Dropout正则化在机器学习中的意义是什么?
Dropout正则化是机器学习中的一种方法,通过在神经网络中随机丢弃一些单元(神经元)来模拟同时训练多个网络架构的效果,这对于减少训练过程中的过拟合风险至关重要。
在PyTorch模型中集成Dropout
要在PyTorch模型中集成Dropout正则化,可以方便地使用torch.nn.Dropout类。
这个类需要一个输入参数,即dropout率,它表示神经元被关闭(即不参与训练)的概率。
Dropout可以应用于任何非输出层之后。
self.dropout = nn.Dropout(0.25)
观察Dropout对模型性能的影响
为了研究Dropout的效果,我们将训练一个用于图像分类的模型。
首先,我们将训练一个包含Dropout正则化的网络,然后训练一个不包含Dropout正则化的网络。
两个模型都将在Cifar-10数据集上进行8个周期的训练。
步骤 1: 导入必要的依赖和库
import torch
from torch import nn
from torch import optim
from torch.nn import functional as F
import torchvision
from torchvision import datasets, transforms
from torch.utils.data import DataLoader
import matplotlib.pyplot as plt
import numpy as np
device = torch.device("cuda:0" if torch.cuda.is_available() else "cpu")
print(device)
步骤 2: 加载数据集并准备DataLoader
BATCH_SIZE = 32
transform = transforms.Compose(
[transforms.ToTensor(),
transforms.Normalize((0.5, 0.5, 0.5), (0.5, 0.5, 0.5))])
trainset = torchvision.datasets.CIFAR10(root="./data", train=True,
download=True, transform=transform)
trainloader = torch.utils.data.DataLoader(trainset, batch_size=BATCH_SIZE,
shuffle=True, num_workers=2)
testset = torchvision.datasets.CIFAR10(root="./data", train=False,
download=True, transform=transform)
testloader = torch.utils.data.DataLoader(testset, batch_size=BATCH_SIZE,
shuffle=False, num_workers=2)
CLASS_NAMES = ("plane", "car", "bird", "cat",
"deer", "dog", "frog", "horse", "ship", "truck")
步骤 3: 加载并可视化部分数据
def show_batch(image_batch, label_batch):
plt.figure(figsize=(10,10))
for n in range(25):
ax = plt.subplot(5,5,n+1)
img = image_batch[n] / 2 + 0.5 # unnormalize
img = img.numpy()
plt.imshow(np.transpose(img, (1, 2, 0)))
plt.title(CLASS_NAMES[label_batch[n]])
plt.axis("off")
sample_images, sample_labels = next(iter(trainloader))
show_batch(sample_images, sample_labels)
输出:
步骤 4: 实现包含Dropout正则化的网络
class Net(nn.Module):
def __init__(self, input_shape=(3,32,32)):
super(Net, self).__init__()
self.conv1 = nn.Conv2d(3, 32, 3)
self.conv2 = nn.Conv2d(32, 64, 3)
self.conv3 = nn.Conv2d(64, 128, 3)
self.pool = nn.MaxPool2d(2,2)
n_size = self._get_conv_output(input_shape)
self.fc1 = nn.Linear(n_size, 512)
self.fc2 = nn.Linear(512, 10)
self.dropout = nn.Dropout(0.25)
def _get_conv_output(self, shape):
batch_size = 1
input = torch.autograd.Variable(torch.rand(batch_size, *shape))
output_feat = self._forward_features(input)
n_size = output_feat.data.view(batch_size, -1).size(1)
return n_size
def _forward_features(self, x):
x = self.pool(F.relu(self.conv1(x)))
x = self.pool(F.relu(self.conv2(x)))
x = self.pool(F.relu(self.conv3(x)))
return x
def forward(self, x):
x = self._forward_features(x)
x = x.view(x.size(0), -1)
x = self.dropout(x)
x = F.relu(self.fc1(x))
x = self.dropout(x)
x = self.fc2(x)
return x
步骤 5: 实现训练过程
def train(model, device, train_loader, optimizer, criterion, epoch, steps_per_epoch=20):
# Switch model to training mode.
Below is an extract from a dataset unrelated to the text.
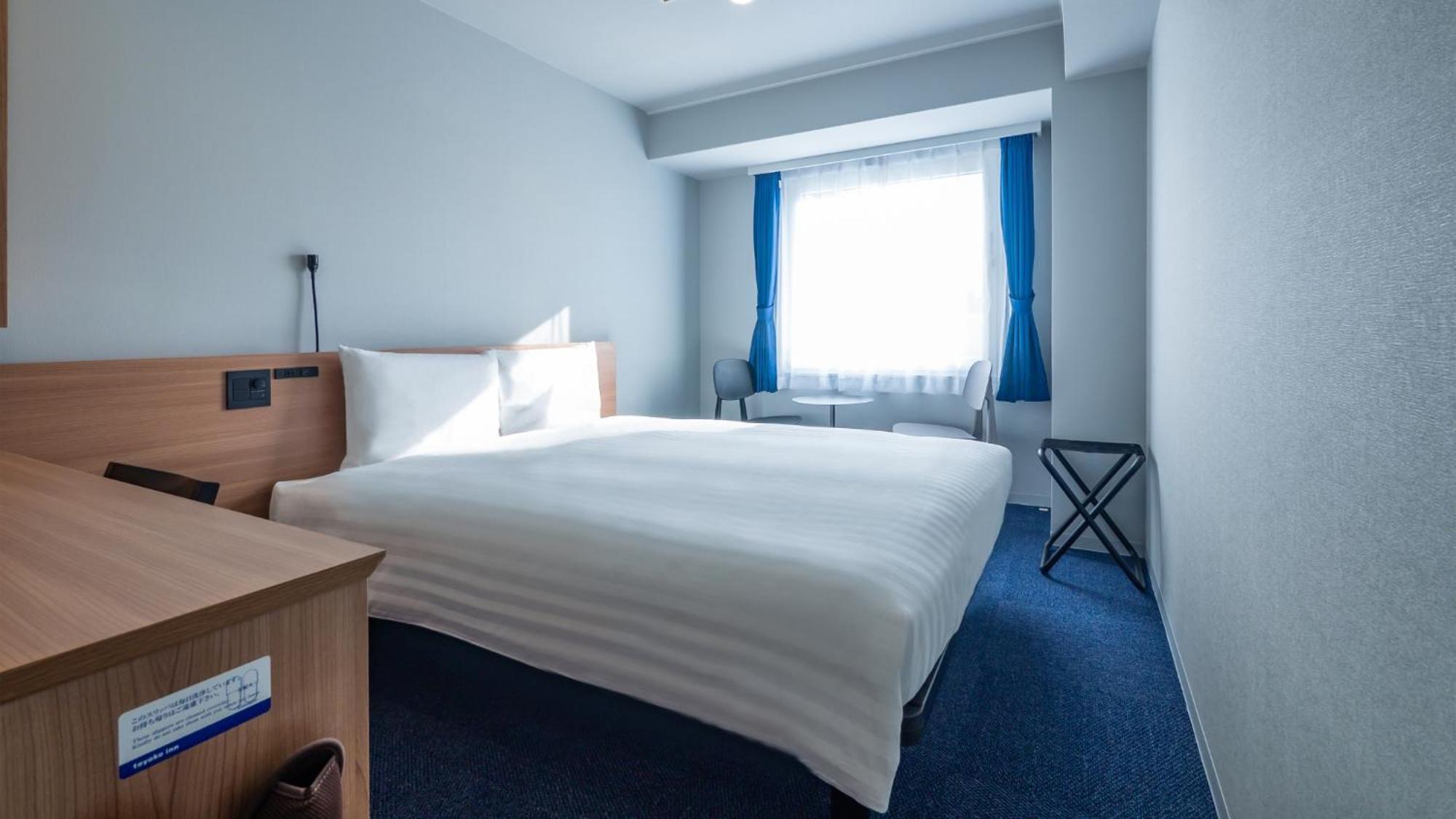 Toyoko Inn Osaka Yodoyabashi-Eki Minami 외부 사진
This is necessary for layers like dropout, batchnorm etc which behave differently in training and evaluation mode
model.train()
train_loss = 0
train_total = 0
train_correct = 0
# We loop over the data iterator, and feed the inputs to the network and adjust the weights.
for batch_idx, (data, target) in enumerate(train_loader, start=0):
# Load the input features and labels from the training dataset
data, target = data.to(device), target.to(device)
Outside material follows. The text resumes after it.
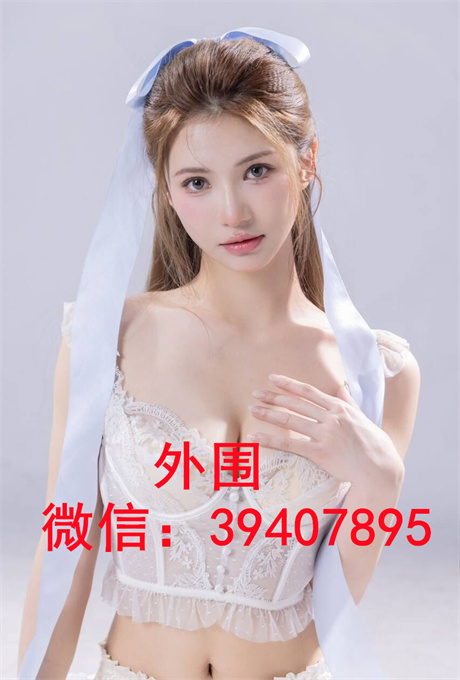 QQ图片20240415112655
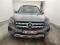 preview Mercedes GLB 200 #0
# Reset the gradients to 0 for all learnable weight parameters
optimizer.zero_grad()
# Forward pass: Pass image data from training dataset, make predictions about class image belongs to (0-9 in this case)
output = model(data)
# Define our loss function, and compute the loss
loss = criterion(output, target)
train_loss += loss.item()
scores, predictions = torch.max(output.data, 1)
train_total += target.size(0)
train_correct += int(sum(predictions == target))
# Reset the gradients to 0 for all learnable weight parameters
optimizer.zero_grad()
# Backward pass: compute the gradients of the loss w.r.t. the model"s parameters
loss.backward()
# Update the neural network weights
optimizer.step()
acc = round((train_correct / train_total) * 100, 2)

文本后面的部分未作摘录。